Fabrication of MnWO4 modified ZnS nanocomposite as an effective nanoadsorbent: Experimental investigation and neural network modeling

The purpose of this study was to determine the adsorptive characteristics of a MnWO4/ZnS nanocomposite for removing Amaranth dye from an aqueous solution. A simple chemical precipitation approach was used to make the MnWO4/ZnS nanocomposite. The crystal structure, morphology, and pore size of the resulting nanocomposites were evaluated by UV-vis-DRS, FT-IR, XRD, SEM, and EDAX. In a laboratory batch adsorption experiment, the effect of operational parameters such as adsorbent dose, starting dye concentration, agitation speed, contact time, and temperature was investigated to optimize the conditions for maximum amaranth removal.

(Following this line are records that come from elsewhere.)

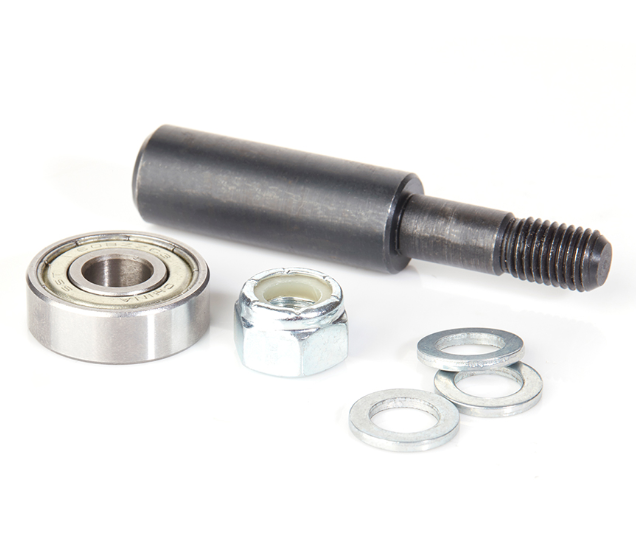 Amana Tool 1/2 in Arbor, Bearing, Nut Assembly 47605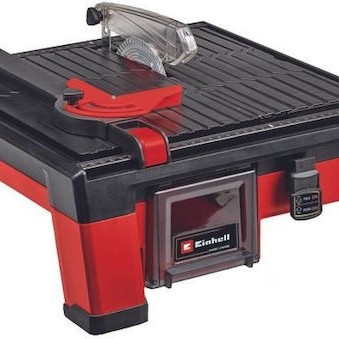 Einhell TE-TC 18/115 Li-Solo Κόφτης Πλακιδίων Ηλεκτρικός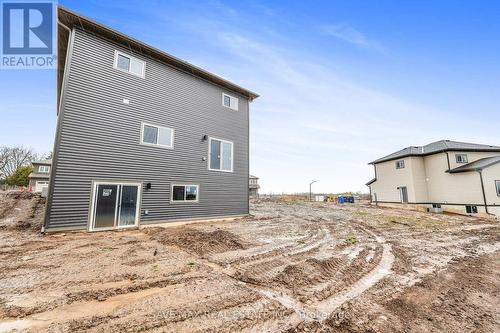 Upper - 115 Hillcrest Road, Port Colborne, ON 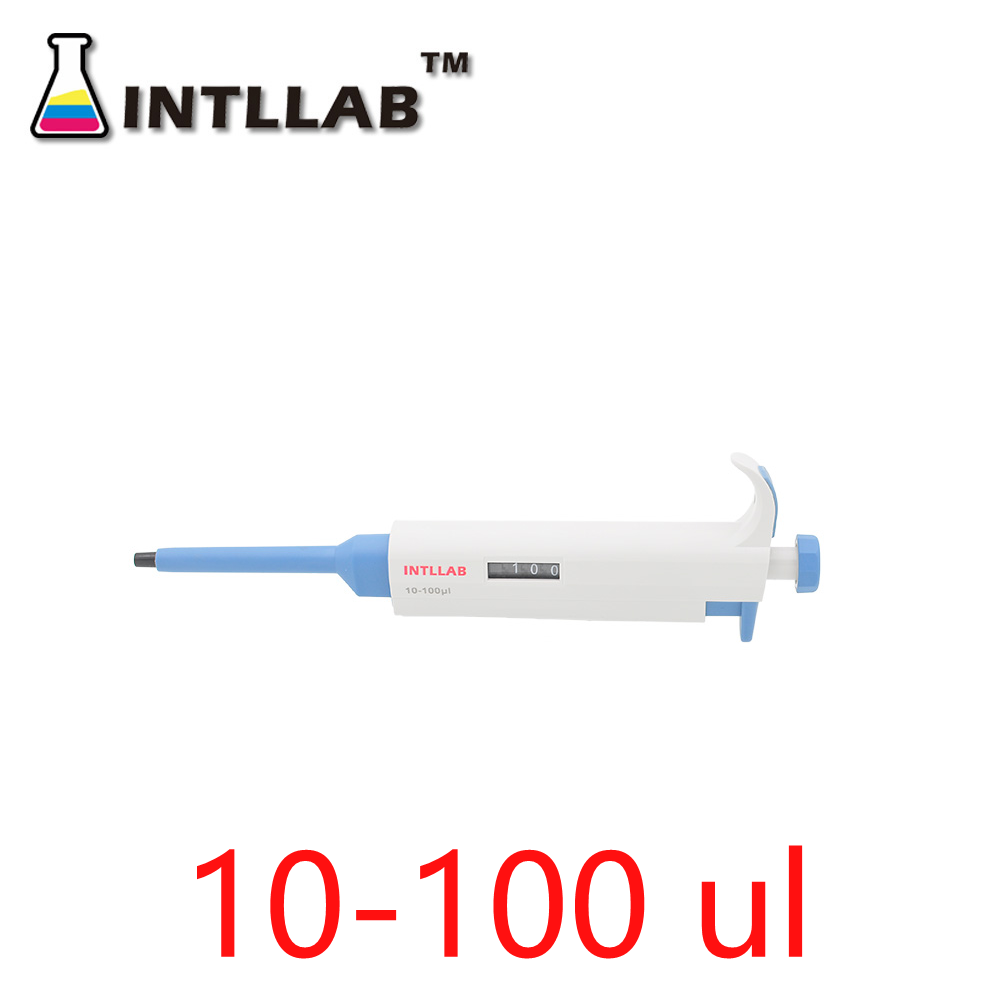 2-10ml MicroPipette Gun Lab Si - Lab Pipette Tip ulasan dan harga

To reduce the number of trials and the associated costs, an artificial neural network (ANN) was used to forecast dye removal effectiveness. With a tangent sigmoid transfer function (tansig) at the hidden layer and a linear transfer function (purelin) at the output layer, a backpropagation neural network with Levenberg–Marquardt training algorithm was utilized to predict adsorption efficiency. For amaranth dye, a contact time of 180 minutes, an adsorbent dosage of 0.35 g/L, and an initial dye concentration of 10 μM resulted in a 96 % dye removal. Different models were used to fit the equilibrium isotherm data. Langmuir and Temkin models have high R2 and are in good agreement with the experimental data (0.9966 and 0.9927). The pseudo-second-order model is appropriate to describe the experimental data, and film diffusion may be involved in the sorption process, according to the kinetic analysis. When the experimental data was compared to the dye adsorption efficiency predicted by the artificial neural network model, it was discovered that this model can accurately predict the behavior of the amaranth dye adsorption process on MnWO4/ZnS under various conditions.